Raphaël écrit donc plusieurs mails à Thierry Frémaux, le directeur du festival, avec à chaque fois quelques punchlines. «  C’est du cinéma dans son plus simple appareil ! » Puis : « Les frères Lumière l’auraient sélectionné. » D’autres encore. À la fin, Frémaux lui répond : « Ta pugnacité t’honore, Raphaël ! » Et le film est sélectionné pour Cannes Classics. « Il fallait proposer quelque chose en retour, remarque Hugo. Nous sommes venus avec un condor. »

Raphaël Quenard

I Love Peru a fait parler de lui à Cannes et le film est sympathique à l’image de ses deux auteurs. Comme on ne sait pas bien au départ à quoi on a affaire, on trouve certains passages un peu lourdingues, d’autres longuets, d’autres bien enlevés. C’est un film de copains et il faut certainement pour l’apprécier se sentir proche des personnages joués par Raphaël Quenard. Si vous avez jubilé en voyant Yannick, Le Deuxième Acte ou Chien de la casse alors, pas de doute, le film s’adresse à vous. Le pari réussi est, comme c’était le cas pour ceux qui ont vu C’est arrivé près de chez vous lors de sa projection à Cannes, alors que Benoît Poelvoorde était encore un inconnu, de se poser la question essentielle : est-ce la réalité que l’on nous montre ? Fatalement, le film bascule à moment dans la franche rigolade et l’on se dit alors qu’on s’est bien fait avoir. Et on est somme toute content d’être entré dans le jeu.

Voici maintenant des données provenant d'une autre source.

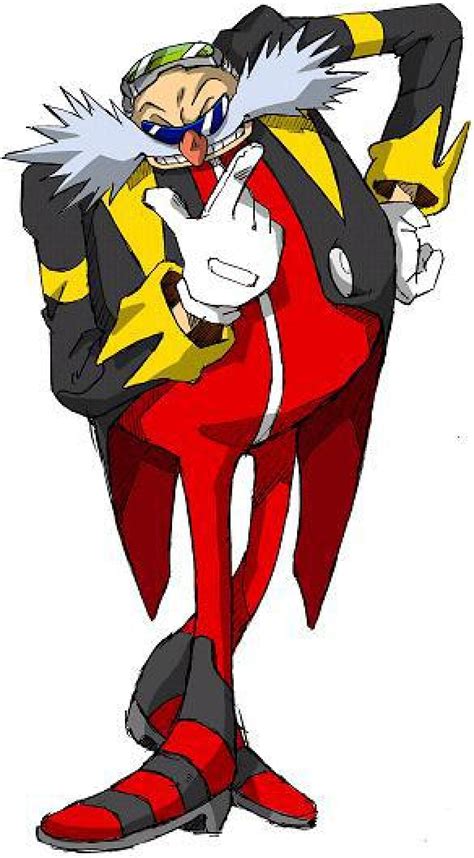 Eggman Nega Sonic Pokémon Wiki Fandom Powered By Wikia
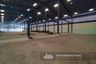 Warehouse / Factory for rent in Thepharak, Samut Prakan near MRT Si Thepha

Propos recueillis par Jean-Charles Lemeunier

I Love Peru
Année : 2025
Origine : France
Réal., scén. :Raphaël Quenard, Hugo David
Musique : Théodore Vibert
Montage : Méloé Poillevé
Prod. : Raphaël Quenard, Hugo Sélignac
Durée : 68 min
Avec Raphaël Quenard, Hugo David, Anaïde Rozam, José Garcia, Jean-Pascal Zadi, Michel Hazanavicius, Jonathan Cohen, Emmanuelle Devos, François Civil, Éric Judor, Benoît Poelvoorde, Gustave Kervern, Marina Foïs, Gilles Lellouche, Panayotis Pascot…

Sortie par Le Pacte le 9 juillet 2025.